Dengan adanya pajak baru ini, kantong Pemprov DKI tahun 2014 bakal semakin tebal. diperkirakan, nantinya akan ada dana tambahan Rp 326 miliar dari terbitnya aturan hukum ini. Perhitungannya diperoleh dari 10% pendapatan Cukai yang dipungut oleh Direktorat Jenderal Bea dan Cukai Kementerian Keuangan dan disesuaikan dengan jumlah penduduk diwilayah tersebut. Dengan asumsi bahwa pendapatan Cukai pemerintah sekitar Rp 80 triliun, maka Pajak Rokok yang dibagi ke daerah mencapai Rp 8 triliun. Berdasarkan populasi penduduk Jakarta yang lebih dari 9 juta jiwa, maka diperolehlah angka tersebut. Demikian keterangan Kepala Dinas Pelayanan Pajak Pemprov DKI Jakarta, Iwan Setiawandi, sebagaimana kabar yang dilansir dari Kontan.
Perda tersebut tidak hanya berorientasi pemasukan ke kas daerah semata, namun juga mengakomodasi kepentingan kesehatan warga, dimana dalam Perda tersebut tertuang peraturan bahwa nantinya dana yang terkumpul dari pajak rokok sedikitnya 50% untuk pelayanan kesehatan penyakit TBC dan Paru-paru. Sementara itu sisanya akan digunakan untuk penegakan hukum yang berkaitan dengan rokok seperti sosialisasi bahaya rokok, serta pembangunan kawasan dilarang merokok. Iwan menambahkan “Dengan tercantum sedikitnya 50% digunakan untuk pelayanan kesehatan, maka diharapkan Pemprov DKI dapat menggunakan diatas 50%,”.
Sementara itu menanggapi rencana kenaikan yang disampaikan oleh Direktur Penerimaan dan Peraturan Kepabeanan dan Cukai Ditjen Bea dan Cukai Susiwijono Moegiarso. yang mengusulkan kenaikan penerimaan cukai sebesar 5% pada 2014 guna mencapai target penerimaan cukai Rp114,3 triliun, bermacam reaksi muncul kepermukaan. Yaitu Industri rokok kecil dan menengah yang tergabung dalam Forum Masyarakat Industri Rokok Indonesia (FORMASI).
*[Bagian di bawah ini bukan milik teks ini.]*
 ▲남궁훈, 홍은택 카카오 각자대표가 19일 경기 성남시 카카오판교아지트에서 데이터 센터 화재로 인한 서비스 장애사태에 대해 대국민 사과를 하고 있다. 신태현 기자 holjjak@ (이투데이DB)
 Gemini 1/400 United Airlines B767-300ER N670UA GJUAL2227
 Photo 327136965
Karena jika kenaikan cukai terjadi, maka hal ini tidak sesuai dengan penjelasan pasal 29 Undang-Undang Nomor 28 Tahun 2009 Tentang Pajak dan Retribusi Daerah yang rencananya akan diimplementasikan pada 1 Januari 2014 nanti.
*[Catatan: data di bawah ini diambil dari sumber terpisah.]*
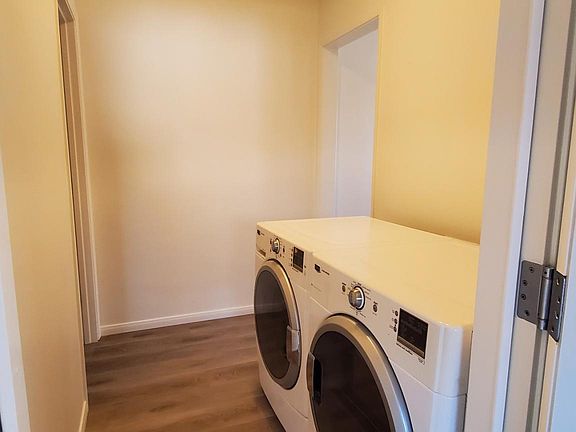 4th image of 34804 Avenue B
“Kami mematuhi undang undang No. 28 Tahun 2009, namun kami sangat berkeberatan jika pemerintah akan tetap menaikkan cukai di tahun 2014 karena hal ini jelas bertentangan dengan penjelasan pasal 29 UU No. 28 tahun 2009, bahkan kami minta tarif ‘cukai’ di golongan kami ‘diturunkan’,” tegas Heri menyusul rencana Pemerintah untuk menaikkan tarif cukai rokok. Kata Ketua Harian FORMASI Heri Susianto, sebagaimana masih juga dilansir dari Kontan.
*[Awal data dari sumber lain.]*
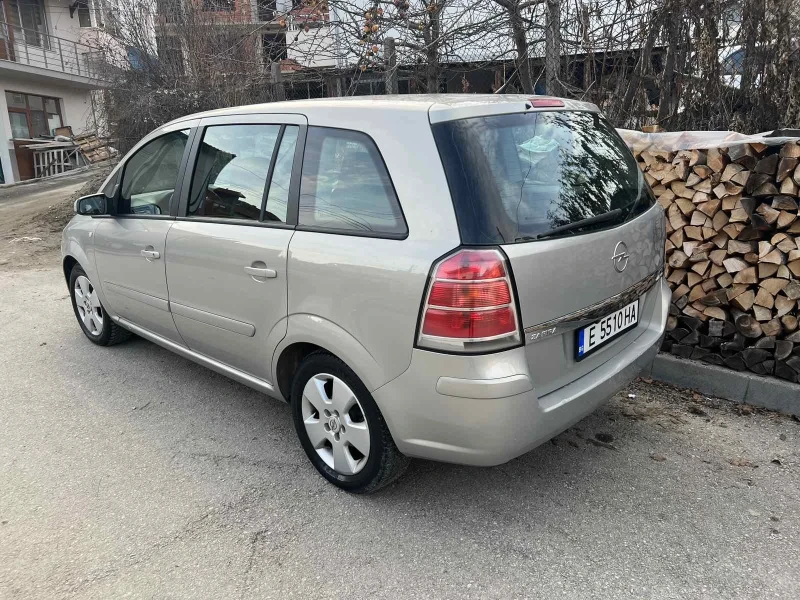 Opel Zafira 2.2 Direct Бензин, снимка 3 - Автомобили и джипове - 48896558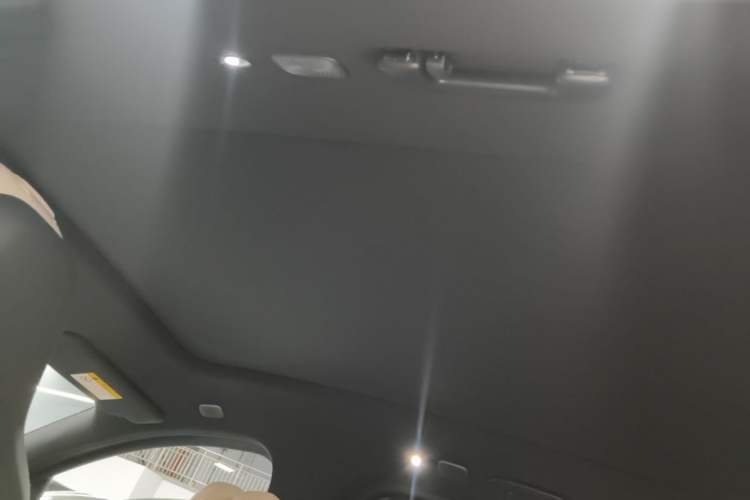 Used Nio ES6 2025 75 kWh Headliner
Belum lagi dengan akan diterapkan pajak daerah rokok sebesar 10% mulai Januari 2014, dengan demikian maka beban bagi industri rokok akan berlipat – lipat, sehingga sangat memberatkan bagi pengusaha rokok. Maka Jika cukai tetap dinaikkan, kondisi industri rokok nasional akan terancam. Sebaliknya, kebijakan itu menjadi stimulus bagi tumbuhnya rokok illegal yang saat ini sudah ada sekitar 13 miliar batang mengisi pasar.
Namun reaksi yang berbeda ditempuh oleh sejumlah pihak yang mengajukan gugatan ke Mahkamah Konstitusi dengan No. Perkara 64/PUU-XI/2013, karena merasa haknya sebagai perokok dilanggar, merekalah yang mengaku sebagai perokok sejati, berturut turut yaitu Mulyana Wirakusumah anggota tim RUU HAM, Hendardi anggota PHBI, anggota Dewan Pimpinan Kerukunan Tani Indonesia Aizzudin, Ketua Presidium IPW Neta S Pane, dan Bambang Isti Nugroho. Sebagai perokok, para Pemohon itu merasa dirugikan hak konstitusionalnya dengan ketentuan pajak ganda atas cukai rokok. Mereka mempermasalahkan Pasal 1 angka 19, Pasal 2 ayat 1 huruf e, Pasal 26, Pasal 27, Pasal 28, Pasal 29, Pasal 30, Pasal 31, Pasal 94 ayat 1 huruf c, dan Pasal 181 dalam UU Nomor 28 Tahun 2009 tentang Pajak Daerah dan Retribusi Daerah (DPRD), yang dinilai telah bertentangan dengan konstitusional, yakni Pasal 28D ayat 1 UUD 1945, sebagaimana dilansir liputan6.
Sebab, menurut para Pemohon, UU No 39 Tahun 2007 tentang Perubahan Atas UU No. 11 Tahun 1995 tentang Cukai, juga telah menetapkan cukai rokok sebagai jenis pajak tidak langsung yang dipungut negara atas produk rokok. Dengan demikian terjadi pajak berganda atas produk rokok, jika undang-undang No. 28 Tahun 2009 diterapkan yang mengatur ketentuan pemerintah provinsi memungut pajak rokok sebesar 10% dari tarif cukai rokok. Saat berita ini dikabarkan, berdasarkan pemantauan di situs Mahkamah Konstitusi, perkara ini masih diperiksa dengan agenda persidangan yaitu mendengarkan keterangan Ahli/Saksi Pemohon dan Pemerintah (V), tertanggal 12 September 2013.